Practical Implications for Foreign Investors

E-Commerce Businesses Selling Into Spain

For non-EU sellers sending goods to Spanish consumers:

  • Value ≤ €150: IOSS is optimal — seller collects Spanish VAT (21% on most goods) at checkout, declares monthly via IOSS. Goods are cleared at customs without VAT collection.
  • Value > €150: Standard import VAT rules apply at the border.
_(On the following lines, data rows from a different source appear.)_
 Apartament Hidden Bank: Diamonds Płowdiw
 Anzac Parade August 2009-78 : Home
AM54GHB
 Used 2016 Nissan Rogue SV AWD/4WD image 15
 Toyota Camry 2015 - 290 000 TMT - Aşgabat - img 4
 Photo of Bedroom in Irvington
OSS cannot be used for these imports.

For EU-established e-commerce businesses selling from a Spanish warehouse to consumers in France, Germany, and Italy: Union OSS with Spain as the member state of identification allows all the EU B2C sales to be declared in a single quarterly Spanish filing.

Marketplaces and Deemed Supplier Rules

Non-EU sellers using Amazon.es, Zalando, or other EU marketplace facilitators to sell to EU consumers should confirm whether the marketplace assumes IOSS/OSS responsibility as the “deemed supplier.” If so, the seller is relieved of IOSS obligations for marketplace sales — but may still have IOSS obligations for its own direct website sales.
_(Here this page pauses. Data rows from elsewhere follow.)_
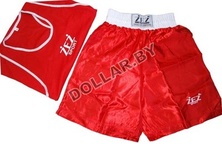 Форма боксёрская, BOX "Z-1"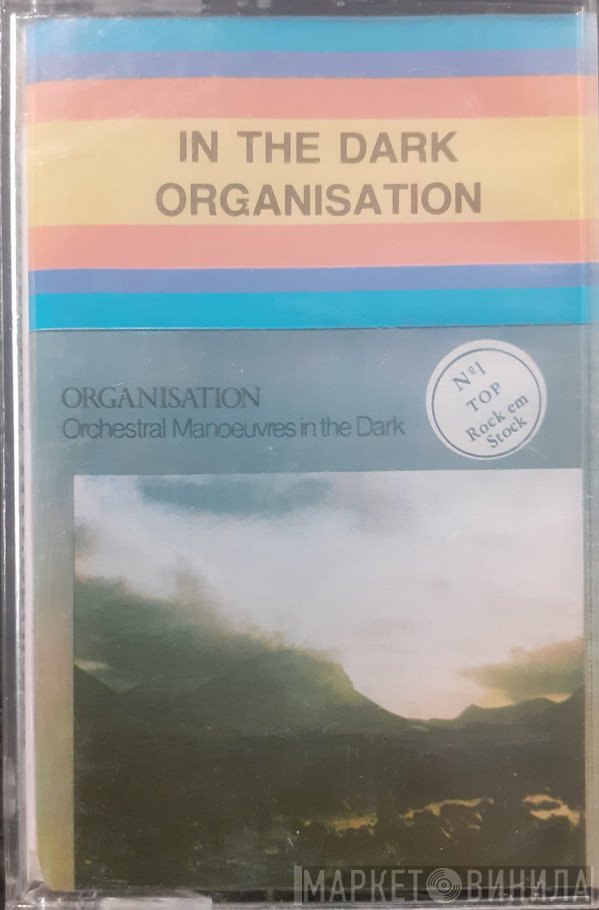 Orchestral Manoeuvres In The Dark  - Organisation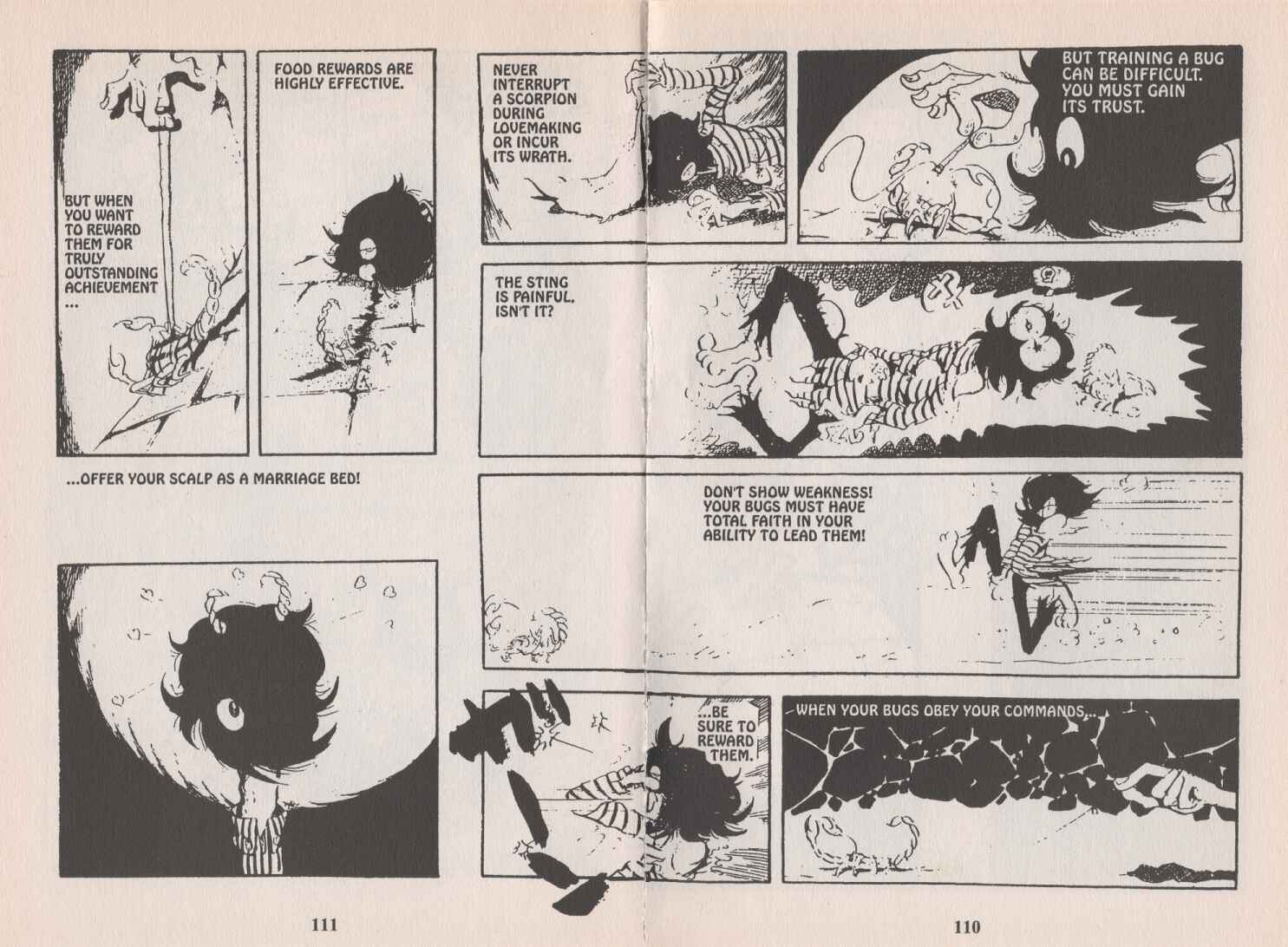 Page 12 Chapter 91 Lupin III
Input VAT Recovery Limitation

OSS simplifies output VAT compliance but does not resolve input VAT recovery across member states. A Spanish-registered business using Union OSS still needs separate applications (under the EU 8th Directive refund procedure) to recover input VAT incurred in Germany, France, or other member states where it is not registered. This is a common oversight that results in unrecovered VAT costs for businesses expanding across the EU.

How BMC Can Help

We register companies for OSS and IOSS through Spain’s AEAT, prepare and file quarterly OSS and monthly IOSS returns, advise on the IOSS intermediary requirement for non-EU sellers, and manage the interaction between OSS/IOSS filings and Spanish domestic VAT obligations (Modelo 303) for businesses with both Spanish domestic and cross-border B2C sales. We also advise on the EU 8th and 13th Directive input VAT refund processes for businesses with input VAT trapped in other member states.
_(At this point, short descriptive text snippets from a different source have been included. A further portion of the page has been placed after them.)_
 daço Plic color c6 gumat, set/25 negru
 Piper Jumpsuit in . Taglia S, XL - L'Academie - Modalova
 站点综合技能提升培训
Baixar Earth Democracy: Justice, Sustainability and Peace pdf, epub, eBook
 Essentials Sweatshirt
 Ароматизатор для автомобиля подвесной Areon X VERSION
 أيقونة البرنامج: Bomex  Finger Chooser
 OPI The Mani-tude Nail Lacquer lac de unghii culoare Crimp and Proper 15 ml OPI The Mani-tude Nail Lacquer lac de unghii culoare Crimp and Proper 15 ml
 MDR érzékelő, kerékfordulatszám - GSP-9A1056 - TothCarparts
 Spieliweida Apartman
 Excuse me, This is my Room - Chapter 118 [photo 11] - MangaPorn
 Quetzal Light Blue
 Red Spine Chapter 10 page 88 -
Frequently asked questions

What types of sales can use the OSS?
The Union OSS covers: (1) intra-EU cross-border supplies of goods by EU-established businesses (distance sales); (2) B2C supplies of services by EU businesses to consumers in EU member states where the business is not established. The Non-Union OSS covers B2C services (including digital services) supplied by non-EU businesses to EU consumers.
What is the IOSS and who uses it?
IOSS (Import One-Stop Shop) covers imports of goods from outside the EU with a value of up to €150 per consignment. Sellers who use IOSS collect VAT at checkout at the destination country's rate, declare it monthly through the IOSS portal, and pay it once. Shipments covered by IOSS are released from customs without VAT collection at the border.
What is the EU-wide threshold for applying the OSS for distance sales?
There is a single EU-wide threshold of €10,000 per year. Below this threshold, a business can apply its home country VAT rate to cross-border B2C sales within the EU. Above €10,000, destination-country VAT rates must be applied — either through OSS registration or individual country registrations.
Can a non-EU company register directly for OSS in Spain?
A non-EU company can register for the Non-Union OSS scheme in any EU member state of its choice. If it chooses Spain as its member state of identification, it registers via the AEAT's OSS portal and files all EU B2C service VAT declarations with Spain. No Spanish fiscal representative is required for OSS (unlike direct VAT registration in Spain, which requires a fiscal representative for non-EU businesses).
Does using OSS mean I am VAT-registered in every EU country?
No. OSS is a simplification scheme — you remain registered for VAT only in your member state of identification. You are not independently registered in every country where your customers are located. This means you cannot recover input VAT in those other countries through OSS; input VAT recovery in other member states requires separate 13th Directive (non-EU) or 8th Directive (EU) refund claims.